Sent from my iPhone using Tapatalk - now Free


----------



## PCP (Dec 1, 2004)

smackdaddy said:


> Man that sounds awesome Paulo! I'd LOVE to sail that part of the world. Maybe one day. Post some pics or video if you get a chance.
> 
> Vela feliz meu amigo!


I don't have pics while sailing. When I am sailing and it would be fun to have a pick I am to busy to take a picture and my wife too scared LOL.

But I will tell you a secret, the best place in Greece till know, a group of smaller Islands that they call the Small Cyclades. Mostly you find Greeks there and not too many Americans or other Europeans. The wind blows hard sometimes and you have to look for shelter for some days (4 in two ocasions, one of then with the wind blowing at 35K, I mean not on the open, on the little cove)

That is a good thing because it scares out the charter crowd and less experienced sailors. Few sailboats, fantastic little towns, cheap and great food and very nice people, people that are not yet fed up with tourists.

Besides when the Meltemi is not blowing too hard you have great sailing wind all days and all time (between 15 and 20K).

Most of the time you are the only boat on the anchorage, sometimes two but always cool and relaxed.



Island-hopping: Greece's Small Cyclades | Travel | The Guardian

Regards

Paulo


----------



## glassdad (Feb 21, 2009)

We had a perfect sail on Sunday. Winds were predicted to be 10 knots or less and it looked like less. We went out figuring the motor if necessary out to Anacapa Island. It was a perfectly clear day. After clearing the breakwater, we unfurled the Genny and hoisted the main and shut down the engine are started to sail at a "blistering" 3 knots. We decided to stick with it and within a few minutes the wind picked up and we were doing 5 kts. We sailed past the west end and out about 4 more miles. 
We saw a dozen pods of common dolphin and one pod of Rizzo's dolphin. Saw one large Mola Mola about 6' across. Many sea lions. 

This is what sailing is all about.


----------



## LakeMi (Aug 29, 2013)

Some day ill have things to share with all of you. But for now I love reading all about the areas you all travel to.

Sent from my iPhone using Tapatalk - now Free


----------



## Magnolia (Dec 21, 2012)

Smackdaddy - thanks for sharing your day out with your boys, and the pics. Glad you all had fun and some adventure, too. Congrats on saving your boat hook and doing the COB maneuvers. Good practice! 

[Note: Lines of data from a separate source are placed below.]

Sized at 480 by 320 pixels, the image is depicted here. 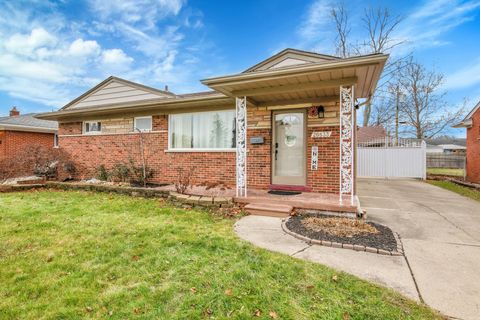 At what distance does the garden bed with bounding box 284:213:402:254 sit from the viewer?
11.7 feet

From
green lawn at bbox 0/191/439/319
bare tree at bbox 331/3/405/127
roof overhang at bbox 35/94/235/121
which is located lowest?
green lawn at bbox 0/191/439/319

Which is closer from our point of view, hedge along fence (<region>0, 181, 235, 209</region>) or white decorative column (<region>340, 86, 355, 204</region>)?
white decorative column (<region>340, 86, 355, 204</region>)

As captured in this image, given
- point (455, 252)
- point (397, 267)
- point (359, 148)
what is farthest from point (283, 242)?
point (359, 148)

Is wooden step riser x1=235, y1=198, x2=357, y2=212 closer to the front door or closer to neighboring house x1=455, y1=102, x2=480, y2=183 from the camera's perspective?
the front door

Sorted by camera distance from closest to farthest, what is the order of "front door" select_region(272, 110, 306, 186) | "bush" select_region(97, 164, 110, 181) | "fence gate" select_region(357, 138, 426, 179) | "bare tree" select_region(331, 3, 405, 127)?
1. "front door" select_region(272, 110, 306, 186)
2. "bush" select_region(97, 164, 110, 181)
3. "fence gate" select_region(357, 138, 426, 179)
4. "bare tree" select_region(331, 3, 405, 127)

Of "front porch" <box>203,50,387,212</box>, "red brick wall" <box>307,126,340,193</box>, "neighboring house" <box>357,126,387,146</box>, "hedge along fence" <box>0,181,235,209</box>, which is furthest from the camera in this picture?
"neighboring house" <box>357,126,387,146</box>

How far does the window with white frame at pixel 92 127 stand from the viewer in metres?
9.98

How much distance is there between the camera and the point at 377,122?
22969 millimetres

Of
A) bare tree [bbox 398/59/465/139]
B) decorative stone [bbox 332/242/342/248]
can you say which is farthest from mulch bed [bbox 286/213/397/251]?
bare tree [bbox 398/59/465/139]

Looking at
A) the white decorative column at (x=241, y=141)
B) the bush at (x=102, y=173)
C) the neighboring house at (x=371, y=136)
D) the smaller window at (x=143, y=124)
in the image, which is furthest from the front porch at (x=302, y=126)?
the neighboring house at (x=371, y=136)

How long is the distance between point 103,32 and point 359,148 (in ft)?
48.7

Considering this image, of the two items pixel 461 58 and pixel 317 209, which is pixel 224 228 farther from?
pixel 461 58

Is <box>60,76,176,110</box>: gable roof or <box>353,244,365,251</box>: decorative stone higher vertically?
<box>60,76,176,110</box>: gable roof

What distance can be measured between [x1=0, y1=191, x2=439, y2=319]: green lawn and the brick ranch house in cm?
279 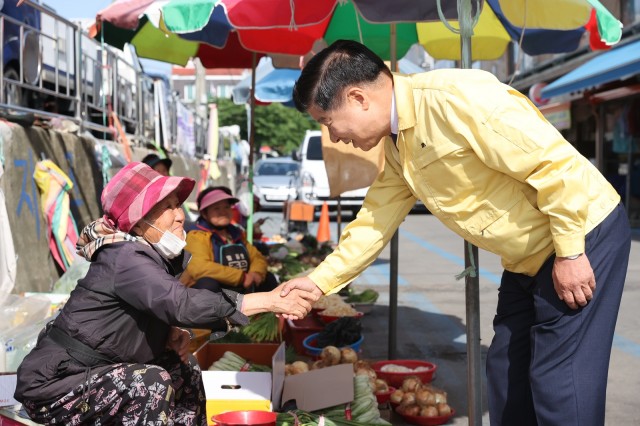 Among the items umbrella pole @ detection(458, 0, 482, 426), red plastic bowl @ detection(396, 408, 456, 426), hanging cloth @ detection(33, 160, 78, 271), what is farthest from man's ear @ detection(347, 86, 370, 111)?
hanging cloth @ detection(33, 160, 78, 271)

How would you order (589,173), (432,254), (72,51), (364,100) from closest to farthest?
(589,173) < (364,100) < (72,51) < (432,254)

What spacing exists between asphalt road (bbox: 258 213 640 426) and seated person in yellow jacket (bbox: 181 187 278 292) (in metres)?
1.15

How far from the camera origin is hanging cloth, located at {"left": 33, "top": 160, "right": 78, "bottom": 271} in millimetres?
6543

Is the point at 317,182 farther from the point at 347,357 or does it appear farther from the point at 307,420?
the point at 307,420

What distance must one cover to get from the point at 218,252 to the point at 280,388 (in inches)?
88.0

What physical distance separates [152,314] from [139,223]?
42cm

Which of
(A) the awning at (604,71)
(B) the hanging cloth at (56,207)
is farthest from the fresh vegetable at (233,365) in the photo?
(A) the awning at (604,71)

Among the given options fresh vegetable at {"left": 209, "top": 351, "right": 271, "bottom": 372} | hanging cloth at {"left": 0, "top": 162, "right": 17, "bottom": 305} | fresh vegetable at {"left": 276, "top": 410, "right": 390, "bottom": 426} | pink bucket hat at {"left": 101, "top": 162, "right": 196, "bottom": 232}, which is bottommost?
fresh vegetable at {"left": 276, "top": 410, "right": 390, "bottom": 426}

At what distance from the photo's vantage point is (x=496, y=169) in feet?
8.50

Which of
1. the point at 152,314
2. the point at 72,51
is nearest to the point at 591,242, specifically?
the point at 152,314

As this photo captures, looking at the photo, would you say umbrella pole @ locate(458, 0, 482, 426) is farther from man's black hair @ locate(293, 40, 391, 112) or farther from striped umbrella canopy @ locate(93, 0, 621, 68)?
striped umbrella canopy @ locate(93, 0, 621, 68)

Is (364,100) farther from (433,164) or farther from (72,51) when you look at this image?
(72,51)

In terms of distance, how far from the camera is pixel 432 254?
12680mm

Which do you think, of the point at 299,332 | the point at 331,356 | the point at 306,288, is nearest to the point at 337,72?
the point at 306,288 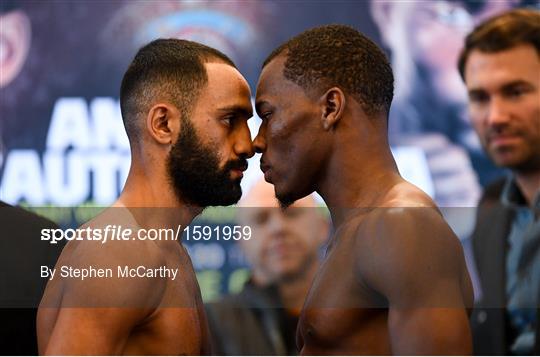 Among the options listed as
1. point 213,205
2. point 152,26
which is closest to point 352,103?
point 213,205

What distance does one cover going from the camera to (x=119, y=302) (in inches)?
56.1

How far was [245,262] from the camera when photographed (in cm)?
174

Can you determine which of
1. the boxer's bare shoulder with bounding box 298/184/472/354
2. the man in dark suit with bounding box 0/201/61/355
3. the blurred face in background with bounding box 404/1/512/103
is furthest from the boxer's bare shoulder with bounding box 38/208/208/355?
the blurred face in background with bounding box 404/1/512/103

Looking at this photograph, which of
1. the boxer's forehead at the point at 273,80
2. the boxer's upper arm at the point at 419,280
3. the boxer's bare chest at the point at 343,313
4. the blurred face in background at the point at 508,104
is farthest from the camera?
the blurred face in background at the point at 508,104

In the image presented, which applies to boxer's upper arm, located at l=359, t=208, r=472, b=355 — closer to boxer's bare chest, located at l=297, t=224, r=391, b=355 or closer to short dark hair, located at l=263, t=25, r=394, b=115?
boxer's bare chest, located at l=297, t=224, r=391, b=355

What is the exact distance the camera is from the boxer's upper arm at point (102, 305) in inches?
54.3

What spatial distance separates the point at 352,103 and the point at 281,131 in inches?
5.6

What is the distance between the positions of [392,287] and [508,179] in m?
1.06

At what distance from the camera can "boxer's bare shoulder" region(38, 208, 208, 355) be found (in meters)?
1.39

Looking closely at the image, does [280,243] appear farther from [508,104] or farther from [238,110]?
[508,104]

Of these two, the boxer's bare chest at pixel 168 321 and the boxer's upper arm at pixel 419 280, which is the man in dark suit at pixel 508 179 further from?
the boxer's bare chest at pixel 168 321

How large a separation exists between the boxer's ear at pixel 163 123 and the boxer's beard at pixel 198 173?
0.05 feet

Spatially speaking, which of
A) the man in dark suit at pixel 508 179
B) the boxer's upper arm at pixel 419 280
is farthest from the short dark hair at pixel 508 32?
the boxer's upper arm at pixel 419 280

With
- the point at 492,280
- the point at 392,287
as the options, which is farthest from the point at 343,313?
the point at 492,280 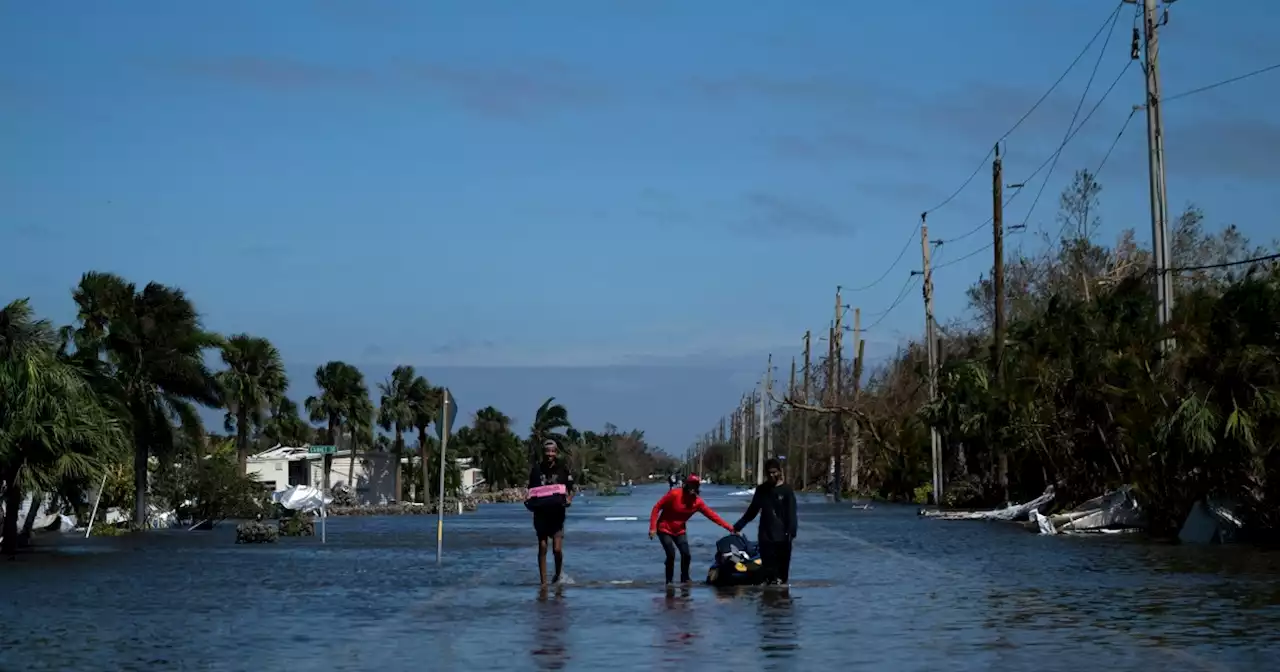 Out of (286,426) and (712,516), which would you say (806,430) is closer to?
(286,426)

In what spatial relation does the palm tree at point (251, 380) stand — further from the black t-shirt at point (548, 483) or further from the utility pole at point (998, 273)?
the black t-shirt at point (548, 483)

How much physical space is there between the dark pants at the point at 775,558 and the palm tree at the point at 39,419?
48.3 ft

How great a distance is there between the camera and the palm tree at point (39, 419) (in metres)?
30.8

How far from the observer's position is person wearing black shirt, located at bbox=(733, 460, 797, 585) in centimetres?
Result: 2100

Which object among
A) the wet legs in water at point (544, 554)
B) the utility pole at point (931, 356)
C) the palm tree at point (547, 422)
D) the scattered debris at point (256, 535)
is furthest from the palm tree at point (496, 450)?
the wet legs in water at point (544, 554)

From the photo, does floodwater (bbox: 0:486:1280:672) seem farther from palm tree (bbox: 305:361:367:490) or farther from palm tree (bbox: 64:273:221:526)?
palm tree (bbox: 305:361:367:490)

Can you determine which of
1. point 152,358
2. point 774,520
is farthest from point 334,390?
point 774,520

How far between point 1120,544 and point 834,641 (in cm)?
2061

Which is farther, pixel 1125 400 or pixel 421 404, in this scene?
pixel 421 404

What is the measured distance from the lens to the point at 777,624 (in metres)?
16.9

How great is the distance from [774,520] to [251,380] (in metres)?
64.4

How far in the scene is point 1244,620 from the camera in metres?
16.9

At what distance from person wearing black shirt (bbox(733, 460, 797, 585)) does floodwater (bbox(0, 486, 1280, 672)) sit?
0.42m

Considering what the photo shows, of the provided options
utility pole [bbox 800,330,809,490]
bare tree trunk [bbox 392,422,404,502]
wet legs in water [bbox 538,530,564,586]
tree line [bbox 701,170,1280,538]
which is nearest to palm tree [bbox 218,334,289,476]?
bare tree trunk [bbox 392,422,404,502] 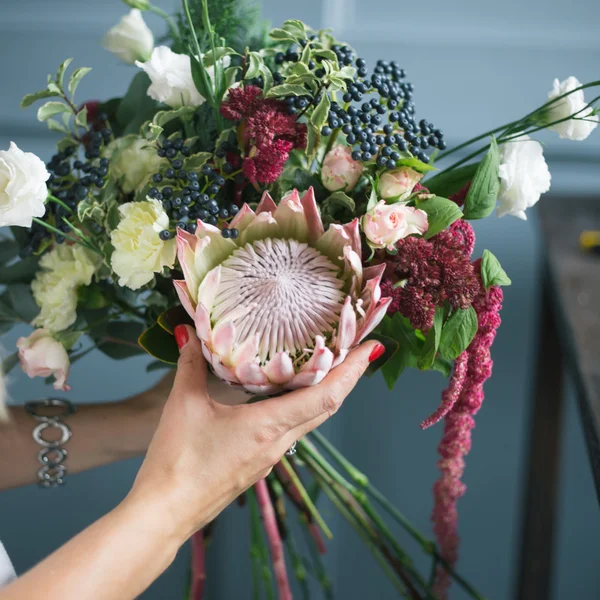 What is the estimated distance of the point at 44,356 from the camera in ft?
2.07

Also, thanks for the video from Shearwater - wow, what a ride! He kept that boat steady. Looked like tons of fun. Tiring, but fun!


----------



## GeorgeB (Dec 30, 2004)

Had a great weekend trip down the coast to Half Moon Bay from San Francisco (Alameda). Lots of fog on Saturday morning, but a good opportunity to practice with the radar. Rendezvoused with a buddy boat and we matched raced all the way to HMB. Most of the day, the wind was out of the WSW so we beam reached a lot but the wind finally clocked and we were able to fly the spinnaker for the last couple of hours. On Sunday, toured the town, walked over to Mavericks, and then attended a great party at HMBYC that evening. We had 300’ visibility in heavy fog on Monday morning, even needing the radar to find the opening in the breakwater. Did have lots of fun tracking the fishing fleet using the MARPA function. We motored under that fog most of the way up the coast but the wind built enough for us to sail as we approached San Francisco. The fog finally dissipated at the GG Bridge into glorious sunshine and we were greeted by the New Zealand-Emirates challenger coming at us, foiling at great speed all the while going up wind. If getting potentially run over by an AC 72 isn’t enough, they are accompanied by a retinue of crash boats, guard boats, support boats and even a helicopter. If you think the current crop of AC boats are boring, stare down one in a crossing situation sometime. We were also treated to a Red Bull youth America’s Cup race just getting under way. We tacked back and forth in the vicinity of the leeward mark to catch the action. There is a quantum difference in the relative size and speeds of the AC 45’s and 72’s. After the race, we turned towards home and launched the kite off the city front and proceeded at a nice 6-7 kt pace. Then, when out of nowhere, one of the Australian 45’s zoomed up from behind and blew by us, while flying his kite and in full racing mode. He passed us at about only 25 to 30 feet off our beam as if to say, “welcome to the future, old man!”


----------



## smackdaddy (Aug 13, 2008)

Magnolia said:


> Smackdaddy - thanks for sharing your day out with your boys, and the pics. Glad you all had fun and some adventure, too. Congrats on saving your boat hook and doing the COB maneuvers. Good practice!
> 
> Also, thanks for the video from Shearwater - wow, what a ride! He kept that boat steady. Looked like tons of fun. Tiring, but fun!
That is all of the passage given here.